Hoewel ongeoorloofde geslachtsgemeenschap zeker niet gelijk te stellen is aan verkrachting, kun je uit de geschiedenis van Amnon en Tamar wel een belangrijke les trekken, namelijk dat een ongeoorloofde geslachtsgemeenschap geen zonde is die je eventjes kunt belijden, waarna alles weer in orde is. Je hebt je op een intieme manier met een ander verenigd.
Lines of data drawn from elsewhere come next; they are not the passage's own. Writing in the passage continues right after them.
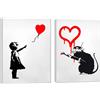 NLKTIYC Picasso & Banksy pannelli artistici poster tela decorazione parete dipinti...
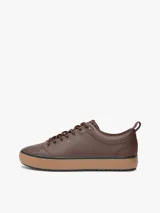 Zapatillas urbanas Tommy Hilfiger modelo Harlem Core Cleat, de color marrón, confeccionadas en material sintético y cuero con cordones a tono y suela de goma marrón.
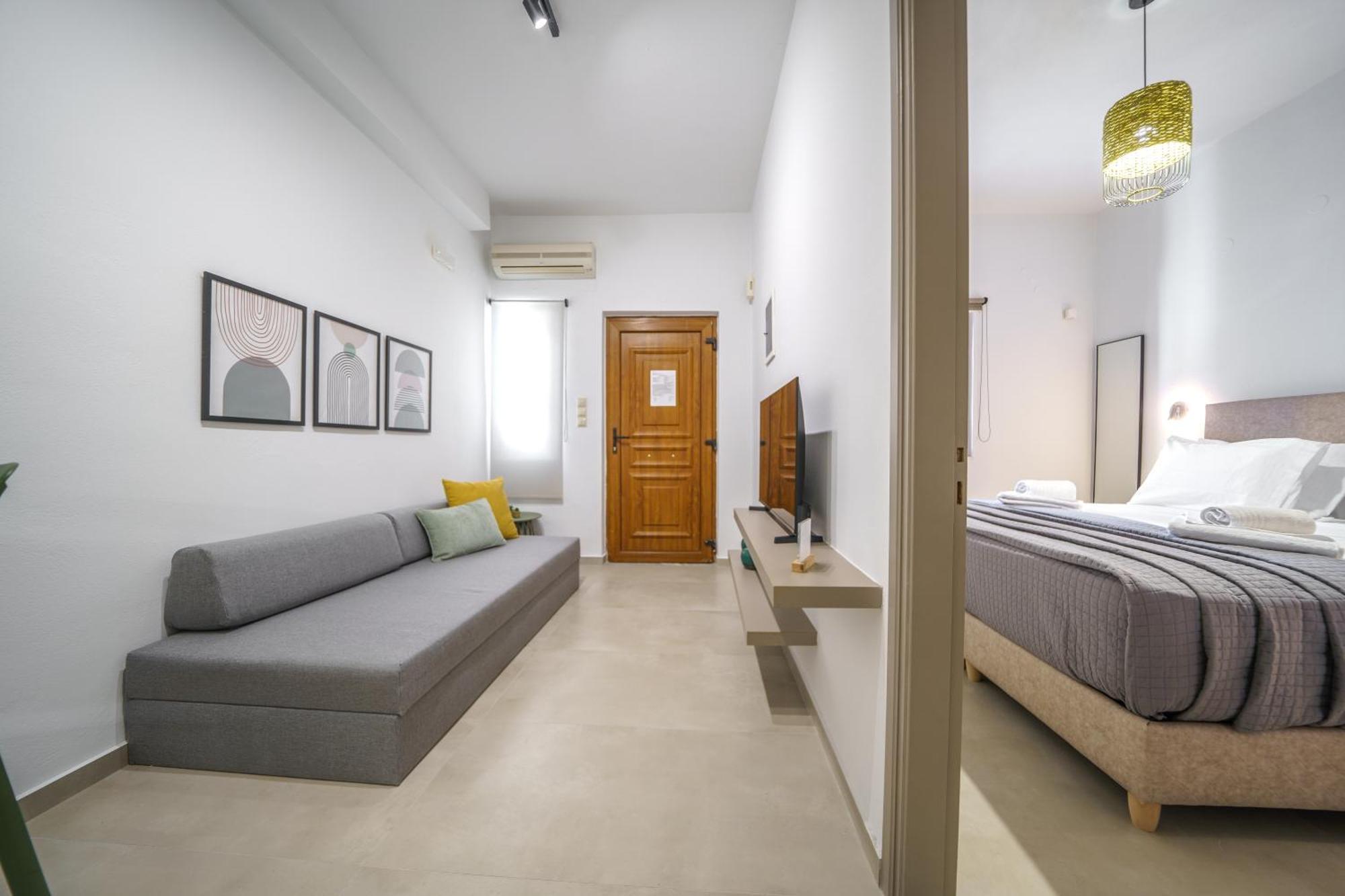 Ferienwohnung Glaros Pánormos Exterior foto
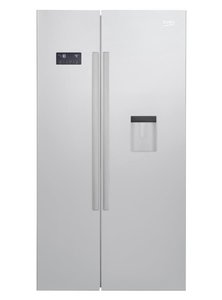 Холодильник Side-by-side Beko GN163220S - 182x91x72/NЕO FROST/630л/дисплей/срібний колір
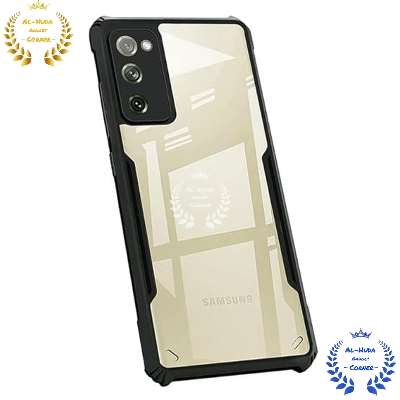 Picture of Shockproof & Transparent Crystal Clear Back Cover Case / Matte Protective Lens Flexible Back Cover for Samsung Galaxy S20 5G | Slim Silicone Cover with Soft Lining Shockproof Full Body Bumper Case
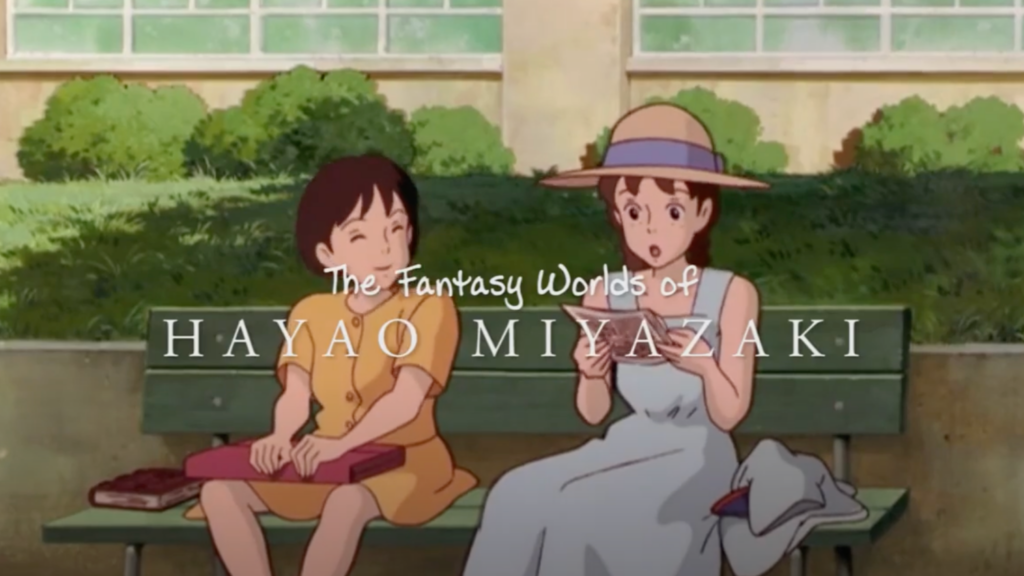 A still from a YouTube video on "The Fantasy Worlds of Hayao Miyazaki"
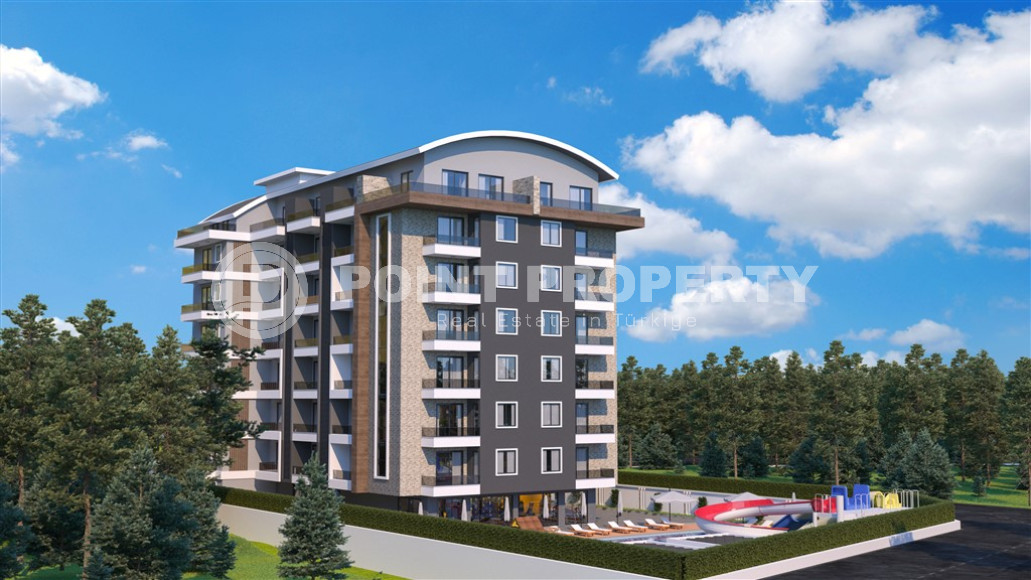Новая квартира 1+1 в жилом комплексе на завершающем этапе строительства, Газипаша, Алания-id-2565-фото-1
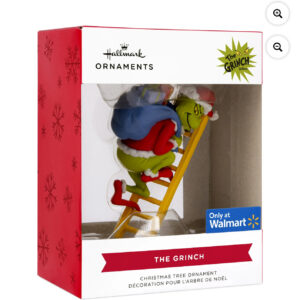 Hallmark Dr. Seuss's How the Grinch Stole Christmas! Grinch on Ladder Christmas Ornament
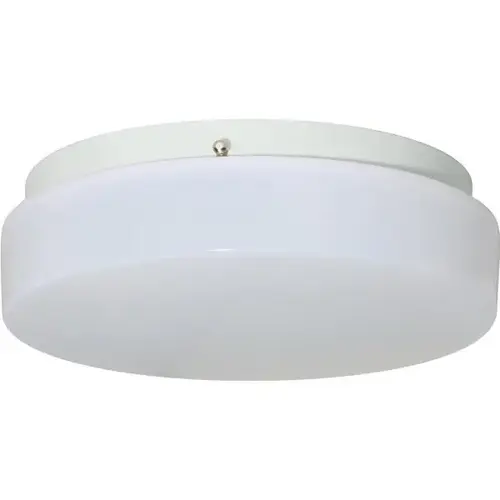 11 In. 1-Light Drum Incandescent Flush Mount Light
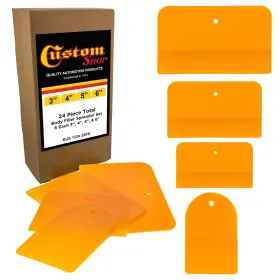 Custom Shop 840234516546 4 5 And 6 Inch Plastic Body Filler Spreader Tools Variety Pack 2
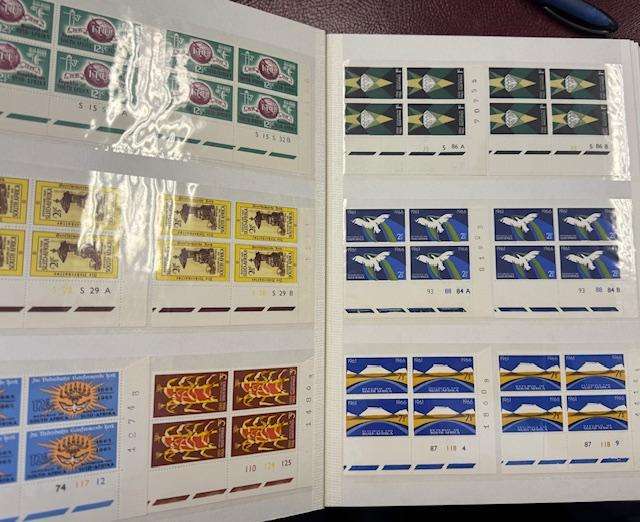 RSA ALMOST COMPLETE COLLECTION OF COMMEM CYLINDER BLOCKS 1961-1994 UM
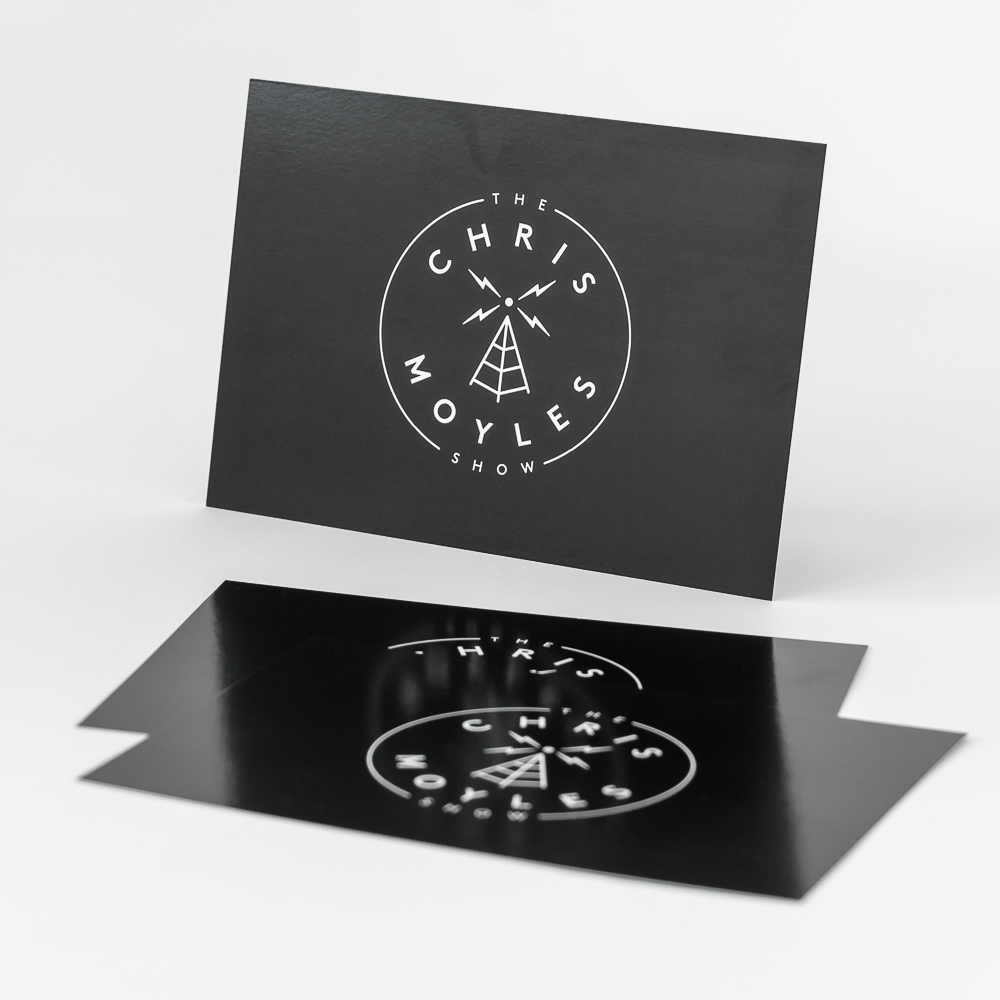Product photography of compliment cards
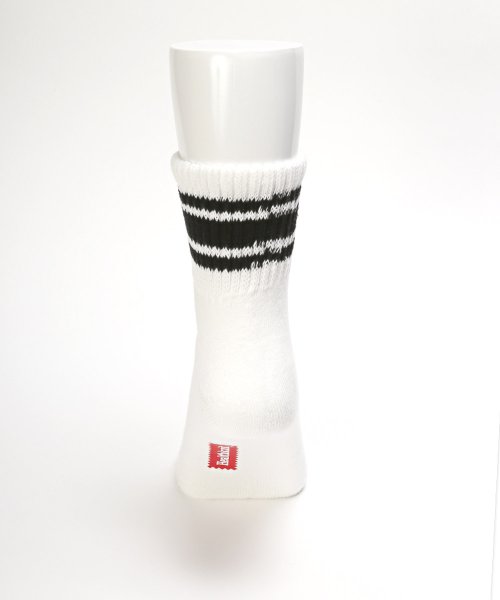 LUXSTYLE(ラグスタイル)/Healthknit(ヘルスニット)3本ラインショートソックス/Healthknit ヘルスニット 靴下 メンズ ソックス 3足セット スニーカーソックス ロー/img02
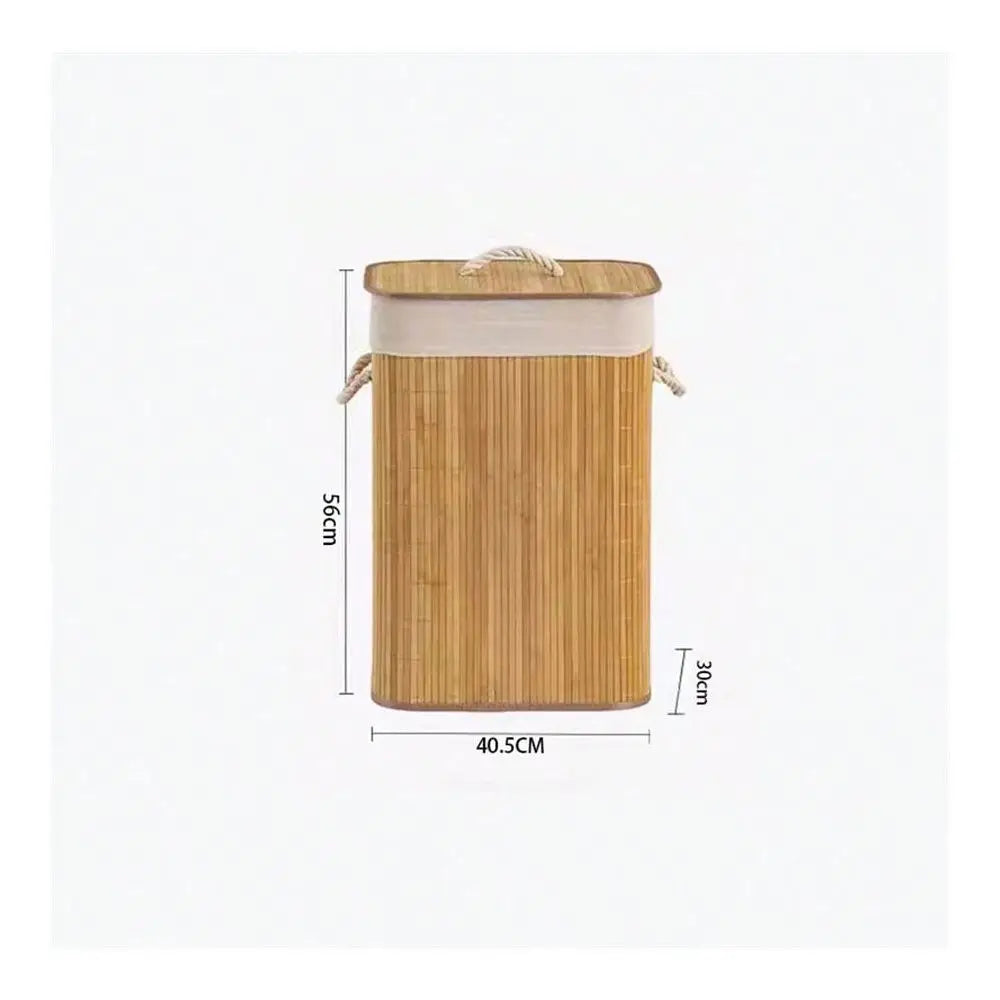 Natural Bamboo Wicker Laundry Basket, Laundry Hamper, Foldable Storage Rack....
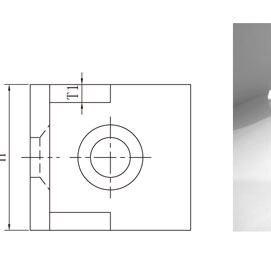 4040規格鋁型材轉向角碼物理參數2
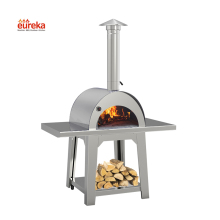 Stainless Steel Pizza Wood Oven Commercial Rotating Mini Pizza Oven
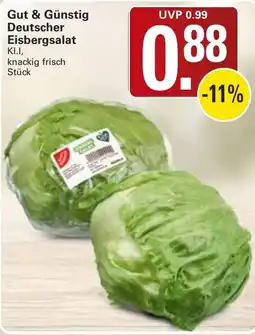 WEZ Deutscher Eisbergsalat Angebot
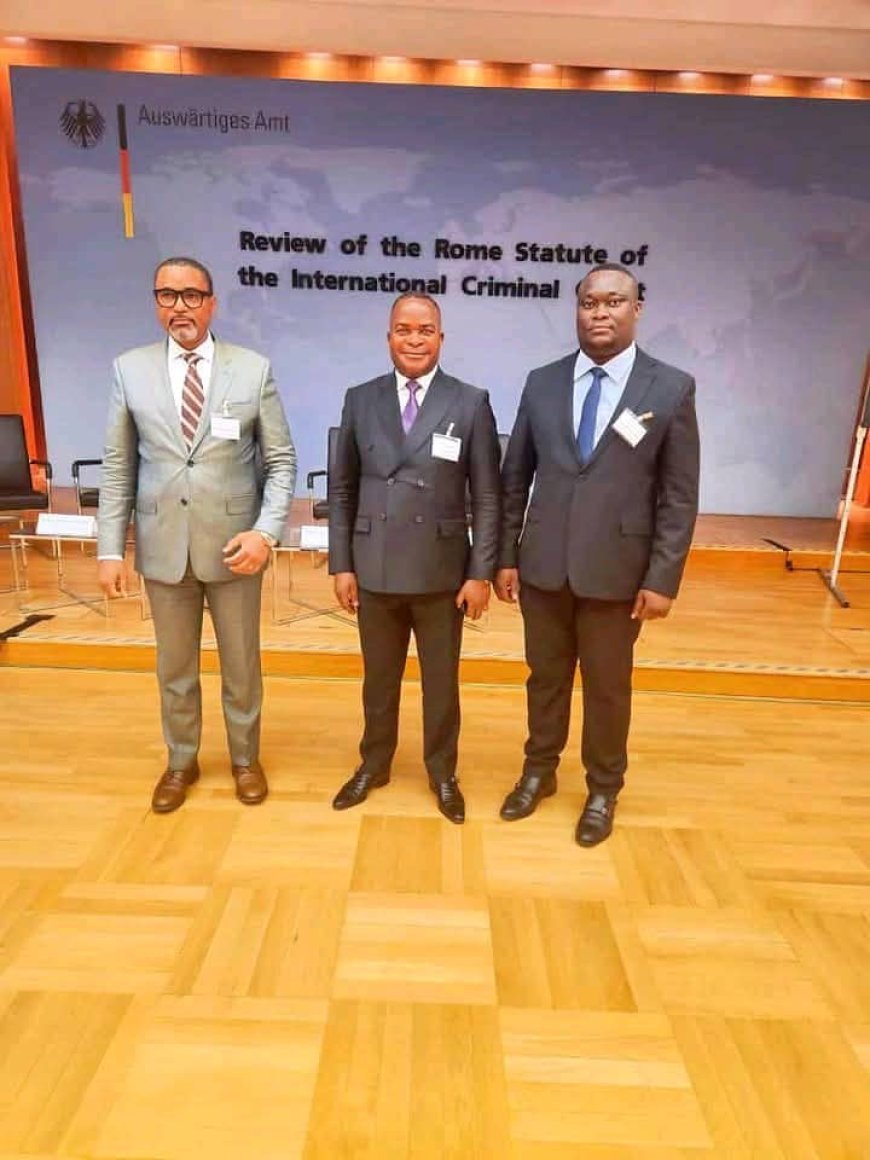 Une voix congolaise s’impose à Berlin dans la réforme du droit pénal international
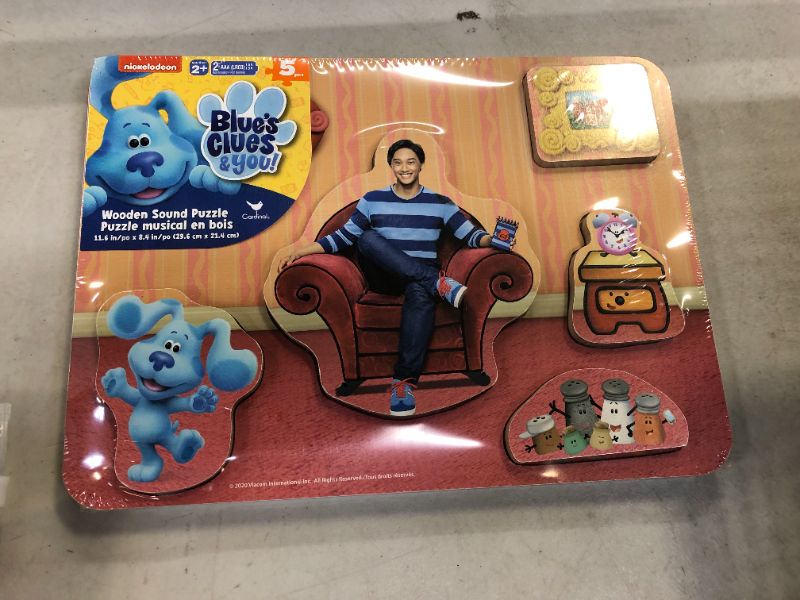 Photo 2 of Blue's Clues Chunky Wood Sound Puzzle, for Families and Kids Ages 3 and up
Ik zeg niet dat er altijd een huwelijk moet volgen. Ik heb al gewezen op het verschil tussen het ‘één lichaam’ zijn en het ‘één vlees’ zijn. Maar om daaruit de conclusie te trekken dat er daarom in geen enkel geval verplichtingen zijn ontstaan, gaat te ver. Ieder geval is anders en er zal openheid naar de Heer, naar elkaar en naar enkele geestelijk gezinde gelovigen moeten zijn om tot een goede beslissing te komen.
Gevolgen van de zonde
Eén daad als gevolg van bandeloze begeerte brengt een zee van ellende met zich mee: Tamar is onteerd, de familie te schande gezet, haat heeft de overhand en enige tijd later komt er ook nog moord uit voort. Het is een trieste herhaling van wat de vader van Amnon, koning David, zelf heeft gedaan (2Sm 11:1-5). Hij heeft zich ook door zijn begeerte laten leiden, toen hij Bathseba zich zag baden. Hij liet haar bij zich komen en had gemeenschap met haar, hoewel zij getrouwd was. Als hij de boodschap krijgt dat zij zwanger is, probeert hij via slinkse wegen zijn daad weg te moffelen. Het lukt allemaal niet. Er blijft hem één ding over: Uria, de man van Bathseba te laten omkomen in de strijd, wat erop neerkomt dat hij hem laat vermoorden (2Sm 11:6-25). Koning David wordt een moordenaar, omdat hij de zonde verborgen wil houden.
Wat is er al een ellende voortgekomen uit ongeoorloofde geslachtsgemeenschap, of die nu plaatsvond vóór het huwelijk of buiten het huwelijk. Ik hoop dat jij je door zulke duidelijke Bijbelse voorbeelden laat waarschuwen.
Overspel en hoererij
Ook in het boek Spreuken staan heldere waarschuwingen. Bijvoorbeeld:
“Wie met een vrouw overspel pleegt, is zonder verstand.
Wie dat doet, richt zijn ziel te gronde.
Plaag en schande zal hij vinden
en zijn smaad zal niet uitgewist worden,
want jaloersheid is [de] woede van een man
en hij zal geen medelijden hebben op de dag van de wraak.
Hij zal geen enkel losgeld aannemen,
en er niet in bewilligen, al vergroot men het geschenk” (Sp 6:32-35).
De reinheid van het huwelijk en de listen om je ontrouw te laten worden aan je eigen vrouw worden aan je voorgehouden.
Nog een tekst die er geen twijfel over laat bestaan hoe God denkt over voorhuwelijkse en buitenhuwelijkse relaties: “Laat het huwelijk bij allen in ere zijn en het huwelijksleven onbezoedeld, want hoereerders en overspelers zal God oordelen” (Hb 13:4).
Het huwelijk is iets wat in hoog aanzien moet worden gehouden, gewaardeerd als een instelling van God. Er moet eerbied voor zijn. Die eerbied kun je alleen tonen door er rekening mee te houden en het huwelijk als zodanig te handhaven. Er wordt voor niemand een uitzondering gemaakt, het moet “bij allen” in ere worden gehouden.
Het woord “huwelijksleven” kan ook vertaald worden met ‘bed’. Wanneer het huwelijksleven of bed bezoedeld wordt, is er dus sprake van overspel, van ongeoorloofde geslachtsgemeenschap door iemand die met een ander dan de eigen huwelijkspartner gemeenschap heeft. Overspel is een vorm van hoererij, maar hoererij omvat meer dan overspel. Hoererij is vaak de verzamelnaam voor alle vormen van ontucht waaraan ongetrouwden zich schuldig kunnen maken, door los van de huwelijksband seksuele omgang met iemand te hebben.